Data excerpt:

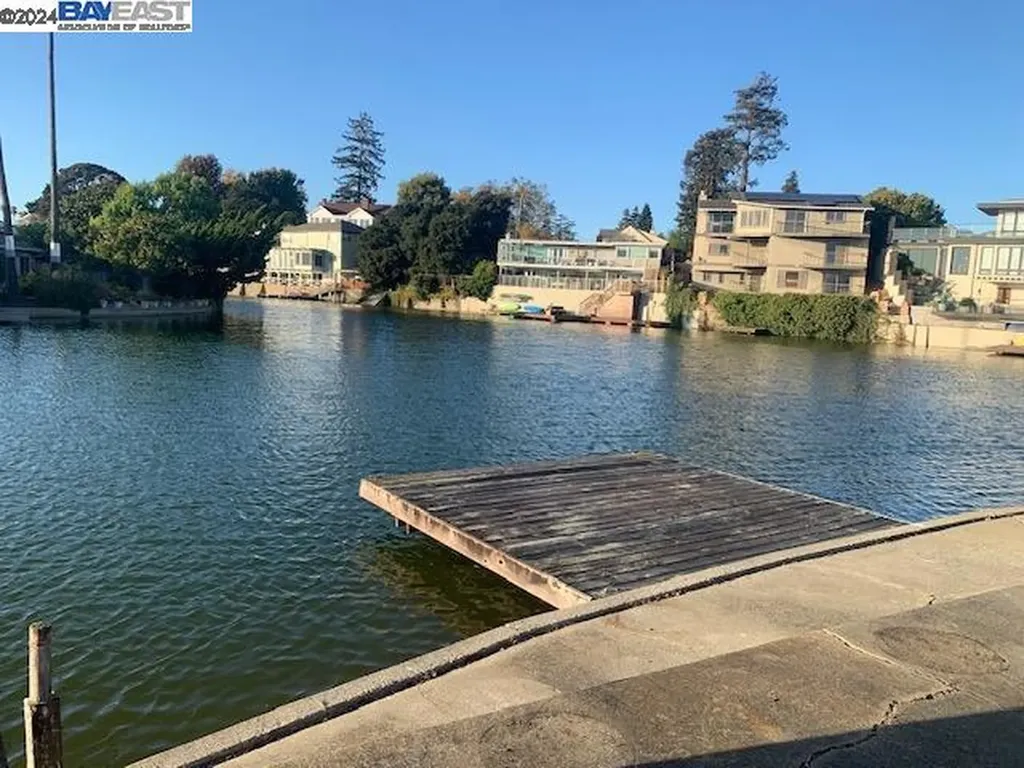 645 Sand Hook Isle Alameda CA 94501
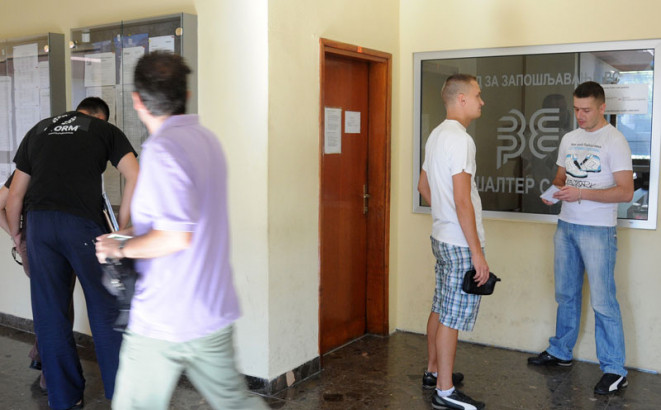 Svaki treći na birou bez dana radnog staža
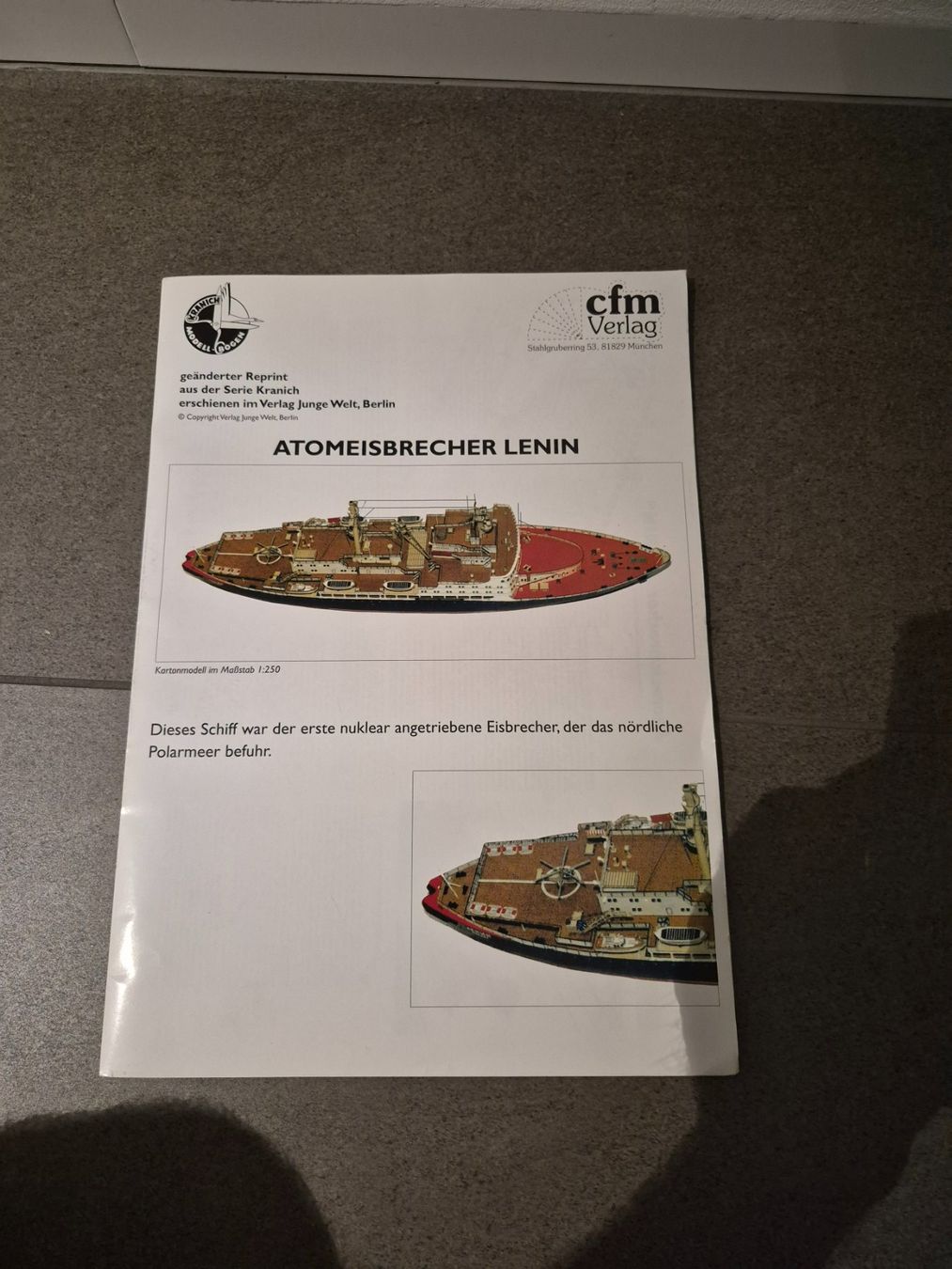 Modellbausätze & Standmodelle: Kartonmodell Atomeisbrecher Lenin – Gebraucht aus Guettingen von rutishauser01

What is required: Return the listing verbatim; pictures are not part of the copy.

Task result:
 645 Sand Hook Isle Alameda CA 94501
 Svaki treći na birou bez dana radnog staža
 Modellbausätze & Standmodelle: Kartonmodell Atomeisbrecher Lenin – Gebraucht aus Guettingen von rutishauser01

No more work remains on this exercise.